Helmar v. Harsche

296 N.J. Super. 194, 686 A.2d 766 (App. Div. 1996)
  • Opinion Date: December 26, 1996

ATTORNEYS; MALPRACTICE—An attorney failed to advise his client that a multi-family building being purchased by that client must comply with the Uniform Fire Code and with the Multiple Dwelling regulations. He claimed that such advice was not within the scope of his engagement. Instead, buyer relied on erroneous information from the broker. Upon being sued, the broker added the attorney as a third party, alleging that the attorney’s failure constituted concurrent or superseding negligence. According to the Court, this was appropriate because the attorney’s acts may have been an intervening (or even a superseding) Act.

When considering purchasing a three story apartment building in 1988, plaintiff asked defendant, a real estate agent, about the need for a fire escape for the third floor. The agent retrieved a metal ladder from the closet and demonstrated how it hooked on to the window frame for use during an emergency. The agent said he had spoken to the fire marshal and was told that this ladder was enough and no other means of escape was needed. When plaintiff asked the real estate agent whether any license was needed to run an apartment house, she was told that since there were only three units, one of which would be owner-occupied, plaintiff would be in a “special category” for which no license was required. At trial, plaintiff claimed she relied on the real estate agent’s assurances when purchasing the building. When plaintiff was cited by the town for violations and ordered to make repairs, she sued the real estate agent and his employer, claiming fraud, consumer fraud and negligence. The real estate agent and his employer made a motion to join plaintiff’s attorney as a third party defendant, claiming their acts were not the proximate cause of plaintiff’s damages and that even if they were negligent, their customer’s loss was attributable to the superseding or concurrent negligence of her attorney. The attorney claimed that although he knew of the Uniform Fire Code and Hotel and Multiple Dwelling regulations, he did not check to insure that buyer’s property complied. The trial judge denied the motion to join buyer’s attorney, ruling that an attorney cannot be liable to third parties for negligence in the performance of professional duties. The Appellate Division concluded that denial of the motion to join plaintiff’s attorney as third-party defendant had such a negative impact on the trial that the jury verdict should be reversed and the case remanded for a new trial on all issues.
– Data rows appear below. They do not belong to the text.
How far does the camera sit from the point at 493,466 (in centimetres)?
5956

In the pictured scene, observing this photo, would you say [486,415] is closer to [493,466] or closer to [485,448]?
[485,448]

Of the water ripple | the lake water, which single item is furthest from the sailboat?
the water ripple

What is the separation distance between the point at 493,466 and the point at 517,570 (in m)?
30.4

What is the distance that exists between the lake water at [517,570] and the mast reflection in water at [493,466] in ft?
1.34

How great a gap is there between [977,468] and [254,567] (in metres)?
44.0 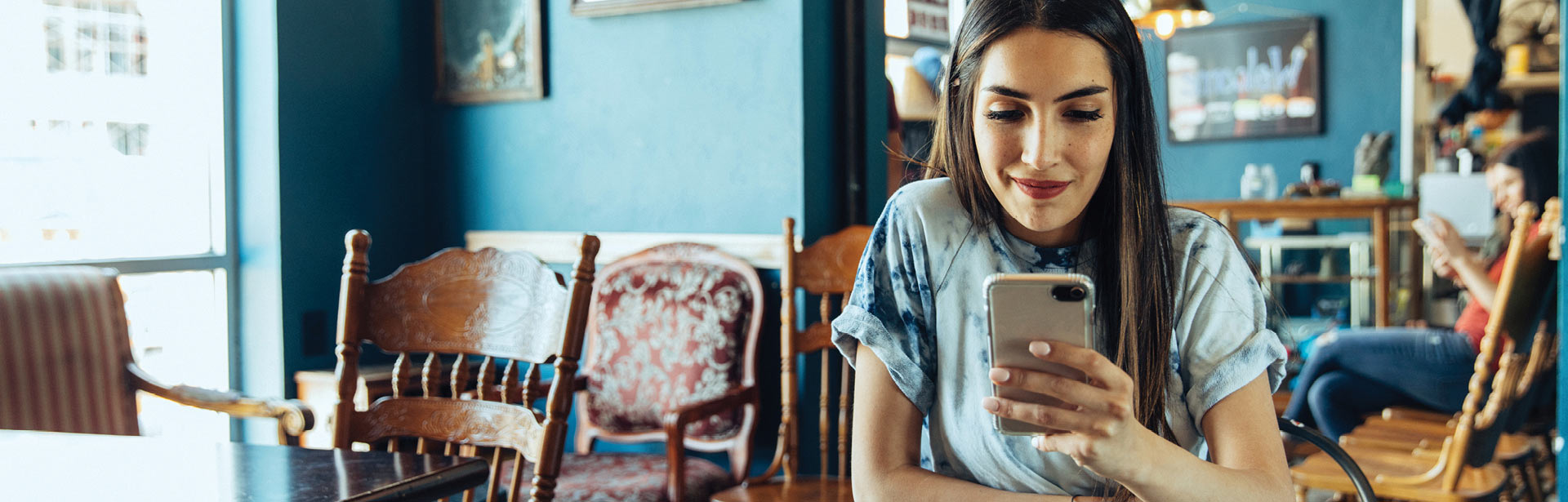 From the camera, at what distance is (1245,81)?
291 inches

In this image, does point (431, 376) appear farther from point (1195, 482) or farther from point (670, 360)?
point (1195, 482)

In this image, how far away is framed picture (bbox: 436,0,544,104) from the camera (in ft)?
10.1

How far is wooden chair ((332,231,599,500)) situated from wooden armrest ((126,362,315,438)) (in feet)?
1.46

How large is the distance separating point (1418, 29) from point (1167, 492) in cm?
678

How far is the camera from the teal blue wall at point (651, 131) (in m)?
2.70

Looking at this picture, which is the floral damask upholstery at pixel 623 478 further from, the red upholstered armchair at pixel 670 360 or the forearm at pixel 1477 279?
the forearm at pixel 1477 279

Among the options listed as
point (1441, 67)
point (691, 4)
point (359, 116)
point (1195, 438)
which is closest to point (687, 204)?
point (691, 4)

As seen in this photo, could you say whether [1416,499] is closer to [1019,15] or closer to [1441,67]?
[1019,15]

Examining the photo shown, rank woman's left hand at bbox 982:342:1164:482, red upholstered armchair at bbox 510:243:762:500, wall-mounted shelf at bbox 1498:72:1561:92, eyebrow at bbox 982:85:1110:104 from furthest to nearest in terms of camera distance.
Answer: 1. wall-mounted shelf at bbox 1498:72:1561:92
2. red upholstered armchair at bbox 510:243:762:500
3. eyebrow at bbox 982:85:1110:104
4. woman's left hand at bbox 982:342:1164:482

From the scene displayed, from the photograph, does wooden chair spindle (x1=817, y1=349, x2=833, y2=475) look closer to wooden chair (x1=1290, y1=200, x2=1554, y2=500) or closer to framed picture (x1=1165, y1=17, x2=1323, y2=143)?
wooden chair (x1=1290, y1=200, x2=1554, y2=500)

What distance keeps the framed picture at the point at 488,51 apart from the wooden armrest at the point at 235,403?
3.79ft

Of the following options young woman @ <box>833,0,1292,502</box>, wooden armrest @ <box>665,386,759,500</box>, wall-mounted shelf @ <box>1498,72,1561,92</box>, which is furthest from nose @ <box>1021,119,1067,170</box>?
wall-mounted shelf @ <box>1498,72,1561,92</box>

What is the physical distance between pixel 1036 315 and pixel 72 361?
7.60ft

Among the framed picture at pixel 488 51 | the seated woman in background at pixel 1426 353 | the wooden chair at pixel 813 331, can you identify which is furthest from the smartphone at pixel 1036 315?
the seated woman in background at pixel 1426 353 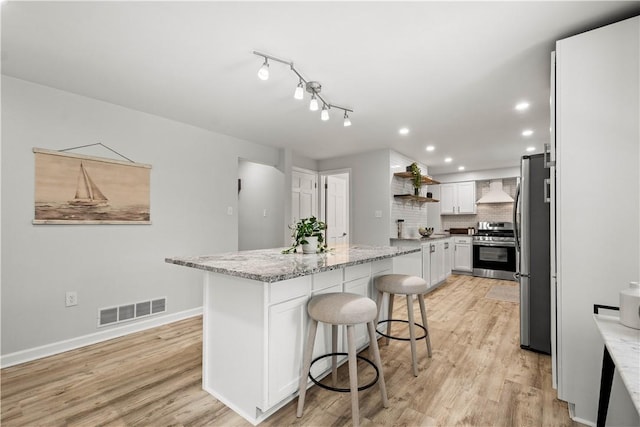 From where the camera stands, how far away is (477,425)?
5.83 ft

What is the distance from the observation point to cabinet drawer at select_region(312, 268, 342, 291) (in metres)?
2.16

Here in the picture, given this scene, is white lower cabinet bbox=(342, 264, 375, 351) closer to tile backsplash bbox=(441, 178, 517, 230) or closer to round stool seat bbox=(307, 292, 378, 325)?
round stool seat bbox=(307, 292, 378, 325)

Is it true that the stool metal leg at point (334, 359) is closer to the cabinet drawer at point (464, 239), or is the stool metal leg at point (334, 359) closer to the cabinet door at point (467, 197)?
the cabinet drawer at point (464, 239)

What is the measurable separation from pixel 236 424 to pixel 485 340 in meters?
2.47

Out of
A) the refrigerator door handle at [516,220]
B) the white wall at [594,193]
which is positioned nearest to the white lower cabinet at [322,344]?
the white wall at [594,193]

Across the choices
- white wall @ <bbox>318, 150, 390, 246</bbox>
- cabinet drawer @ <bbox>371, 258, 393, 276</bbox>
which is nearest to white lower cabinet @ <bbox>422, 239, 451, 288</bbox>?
white wall @ <bbox>318, 150, 390, 246</bbox>

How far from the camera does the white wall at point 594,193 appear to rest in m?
1.65

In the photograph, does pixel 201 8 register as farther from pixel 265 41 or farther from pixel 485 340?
pixel 485 340

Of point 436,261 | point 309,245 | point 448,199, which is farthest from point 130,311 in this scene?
point 448,199

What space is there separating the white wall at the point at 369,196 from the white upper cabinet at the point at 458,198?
2.93 metres

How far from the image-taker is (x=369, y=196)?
211 inches

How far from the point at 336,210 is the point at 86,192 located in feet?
14.0

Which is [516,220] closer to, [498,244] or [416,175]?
[416,175]

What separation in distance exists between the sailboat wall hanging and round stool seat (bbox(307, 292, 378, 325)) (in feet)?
7.86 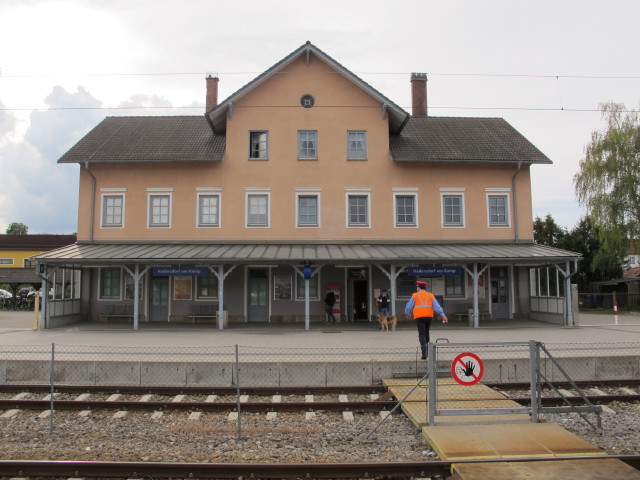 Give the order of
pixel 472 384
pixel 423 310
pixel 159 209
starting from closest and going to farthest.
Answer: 1. pixel 472 384
2. pixel 423 310
3. pixel 159 209

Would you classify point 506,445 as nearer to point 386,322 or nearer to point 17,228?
point 386,322

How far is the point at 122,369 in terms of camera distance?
1107 centimetres

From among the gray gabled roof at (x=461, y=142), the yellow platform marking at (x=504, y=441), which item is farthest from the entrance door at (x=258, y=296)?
the yellow platform marking at (x=504, y=441)

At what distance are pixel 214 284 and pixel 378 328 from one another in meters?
7.44

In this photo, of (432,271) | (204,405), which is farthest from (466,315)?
(204,405)

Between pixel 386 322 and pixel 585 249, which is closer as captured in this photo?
pixel 386 322

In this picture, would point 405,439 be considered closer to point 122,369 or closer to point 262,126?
point 122,369

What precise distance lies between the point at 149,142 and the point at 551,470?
22.4 meters

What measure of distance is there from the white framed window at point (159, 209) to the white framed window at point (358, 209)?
26.1 ft

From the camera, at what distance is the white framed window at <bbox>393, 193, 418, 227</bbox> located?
2325 centimetres

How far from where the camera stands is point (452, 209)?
23469mm

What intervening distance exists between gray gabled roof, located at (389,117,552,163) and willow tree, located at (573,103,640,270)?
11309mm

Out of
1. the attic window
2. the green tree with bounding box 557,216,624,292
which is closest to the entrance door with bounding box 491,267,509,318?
the attic window

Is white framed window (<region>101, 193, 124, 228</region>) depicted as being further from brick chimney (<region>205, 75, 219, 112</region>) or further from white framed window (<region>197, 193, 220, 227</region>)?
brick chimney (<region>205, 75, 219, 112</region>) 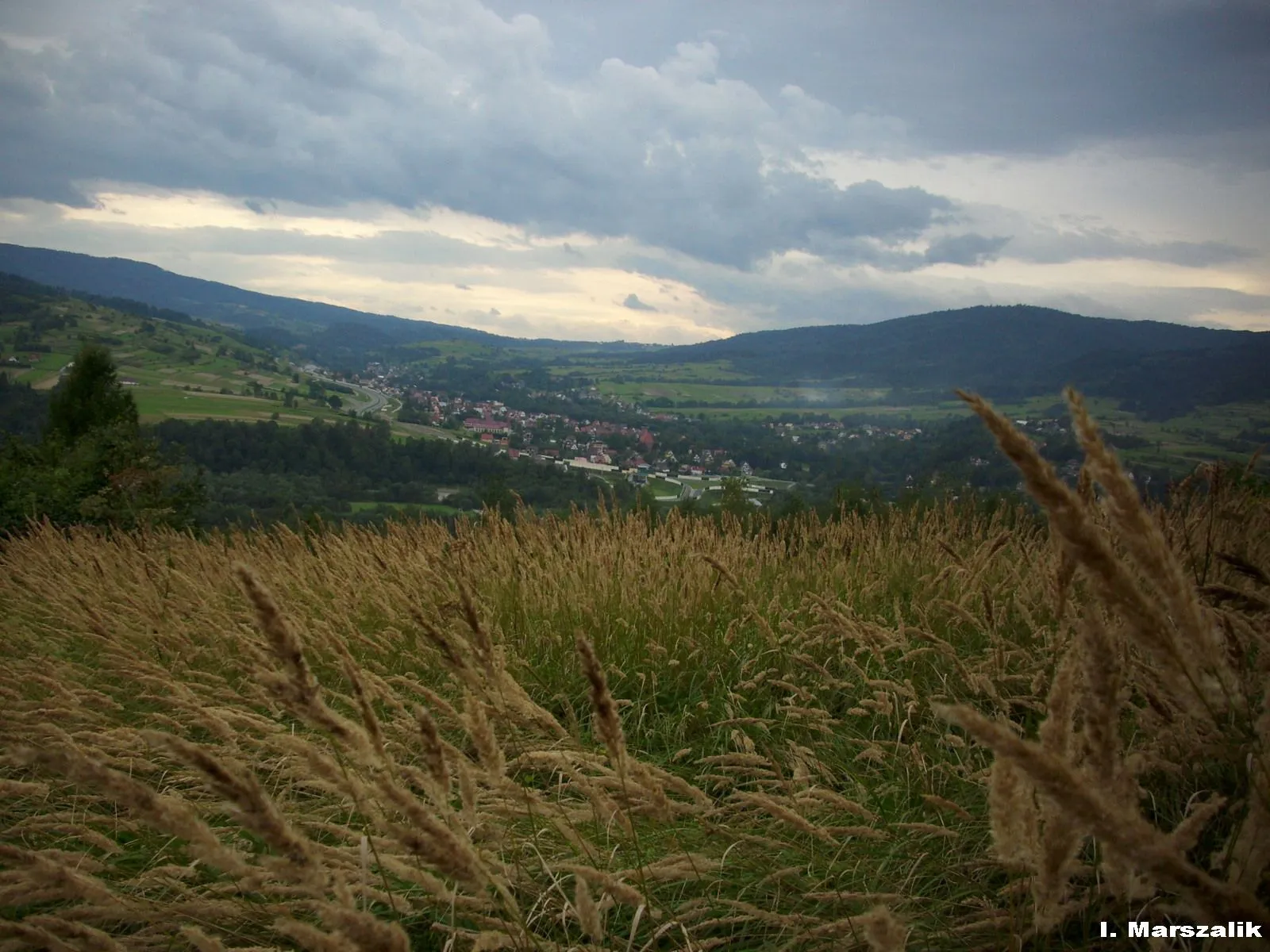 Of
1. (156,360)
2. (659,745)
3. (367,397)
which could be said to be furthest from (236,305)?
(659,745)

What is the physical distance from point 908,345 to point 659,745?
75.5 meters

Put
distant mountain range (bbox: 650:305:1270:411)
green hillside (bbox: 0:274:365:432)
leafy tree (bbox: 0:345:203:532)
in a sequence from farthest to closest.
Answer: green hillside (bbox: 0:274:365:432), distant mountain range (bbox: 650:305:1270:411), leafy tree (bbox: 0:345:203:532)

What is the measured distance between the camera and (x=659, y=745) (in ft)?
11.4

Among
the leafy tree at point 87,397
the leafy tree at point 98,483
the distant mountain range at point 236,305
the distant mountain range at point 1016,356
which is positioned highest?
the distant mountain range at point 236,305

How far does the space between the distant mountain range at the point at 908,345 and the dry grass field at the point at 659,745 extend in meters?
0.60

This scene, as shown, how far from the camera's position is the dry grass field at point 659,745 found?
1.04 meters

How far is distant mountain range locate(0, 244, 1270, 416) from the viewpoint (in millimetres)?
21516

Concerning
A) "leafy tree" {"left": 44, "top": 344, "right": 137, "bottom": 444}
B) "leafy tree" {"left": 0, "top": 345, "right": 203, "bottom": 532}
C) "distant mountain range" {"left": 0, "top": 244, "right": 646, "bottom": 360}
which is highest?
"distant mountain range" {"left": 0, "top": 244, "right": 646, "bottom": 360}


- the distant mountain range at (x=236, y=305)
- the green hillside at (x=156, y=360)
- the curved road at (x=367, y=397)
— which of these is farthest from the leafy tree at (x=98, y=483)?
the distant mountain range at (x=236, y=305)

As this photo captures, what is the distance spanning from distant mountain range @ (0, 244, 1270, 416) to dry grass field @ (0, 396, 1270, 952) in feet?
1.96

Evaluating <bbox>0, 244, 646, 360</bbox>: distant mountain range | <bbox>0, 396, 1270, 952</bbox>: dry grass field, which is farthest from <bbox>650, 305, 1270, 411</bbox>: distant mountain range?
<bbox>0, 244, 646, 360</bbox>: distant mountain range

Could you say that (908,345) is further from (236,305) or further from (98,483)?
(236,305)

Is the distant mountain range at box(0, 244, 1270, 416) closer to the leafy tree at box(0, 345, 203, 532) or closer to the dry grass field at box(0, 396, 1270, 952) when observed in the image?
the dry grass field at box(0, 396, 1270, 952)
The Appellate Division reasoned that buyer’s counsel should have been joined as a third party defendant in the interest of justice and because his advice was at least an intervening cause (and may have even been a superseding cause) of plaintiff’s loss since it was his duty to insure that the building complied with the Multiple Dwelling Law. Even though the real estate agent should have been aware and truthfully informed plaintiff of the fire escape and permit regulations, the fact that buyer’s own attorney was derelict in his duties was cause for him to be made a party to this action. The Court stated that in certain circumstances lawyers owe a duty to third parties and may be liable to them for negligence resulting in damages to their client. In short, the fact that plaintiff never knew of the requirements may have been the fault of both realtor and attorney, therefore both may be liable unless the attorney’s negligence superseded any prior acts or omissions of the real estate broker.